After this, they are opened with a regular can opener. Astronauts use regular spoons, albeit with slightly longer handles. In terms of volume, the spoon is a dessert spoon, larger than a teaspoon and smaller than a tablespoon. The plates at the station are a luxury, instead people eat straight from the cans. This is justified by weightlessness. Food taken with a spoon must be viscous in zero gravity, otherwise it will begin to fly around. It's strange to see how the cans hang, turning slightly in the air, and the astronauts push them slightly with their hands. This was done, of course, more for a television interview.

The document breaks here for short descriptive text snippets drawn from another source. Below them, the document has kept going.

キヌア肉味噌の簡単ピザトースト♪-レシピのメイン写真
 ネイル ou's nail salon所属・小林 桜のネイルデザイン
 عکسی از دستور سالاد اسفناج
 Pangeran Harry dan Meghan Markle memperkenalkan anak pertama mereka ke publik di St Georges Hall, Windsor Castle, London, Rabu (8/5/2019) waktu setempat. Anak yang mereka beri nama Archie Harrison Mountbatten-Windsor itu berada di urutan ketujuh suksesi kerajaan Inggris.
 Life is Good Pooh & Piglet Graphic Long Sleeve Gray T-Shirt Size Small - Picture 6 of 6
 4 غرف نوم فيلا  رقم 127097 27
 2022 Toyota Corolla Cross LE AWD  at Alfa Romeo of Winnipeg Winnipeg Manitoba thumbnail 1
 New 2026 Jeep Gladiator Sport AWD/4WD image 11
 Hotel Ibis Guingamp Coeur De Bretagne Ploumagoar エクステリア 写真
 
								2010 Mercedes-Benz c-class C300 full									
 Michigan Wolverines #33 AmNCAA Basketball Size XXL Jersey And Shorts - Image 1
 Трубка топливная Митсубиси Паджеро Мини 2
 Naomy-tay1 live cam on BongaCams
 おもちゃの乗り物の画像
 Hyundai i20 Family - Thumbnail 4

With drinking and liquid products - the greatest difficulties

The bag with the drink is connected to another unit, which has a remote control with buttons and fittings. By pressing a button, the astronaut lets the required amount of water into the bag and the freeze-dried concentrate absorbs the water after a while. Now you can eat it, but straight from the bag. The package may contain soup or puree, as well as a drink. By the way, the generally accepted opinion about water regeneration – “cosmonauts drink purified urine” – is a philistine fantasy. The reclaimed water is used to produce oxygen, and the hydrogen is released overboard. Water supplies are delivered by trucks. High-quality water purification in space is very expensive.

An interesting way to deal with crumbs. Still, there are products that produce crumbs. There is a special fan built into the table for them. The astronauts nicknamed him “the penny-pincher.” The crumbling product is cut on a fine-mesh metal mesh, and a fan draws air into it along with the crumbs. This eliminates serious problem with a source of dust. Once upon a time, an onboard heating system fan and a napkin were used for these purposes, but over time the designers made a more convenient device.

In space you can even eat upside down, since it has already been said that there are no concepts of “up” and “down”. If there are many astronauts at the table, then they have to show considerable dexterity so as not to interfere with each other in cramped spaces. At the same time, they also watch TV programs or films. We must assume that they have enough work, because, as a rule, busy people watch TV while eating.

But most of all, it turns out, astronauts dream of sitting, namely sitting at a table on which there are ordinary dishes that do not fly through the air.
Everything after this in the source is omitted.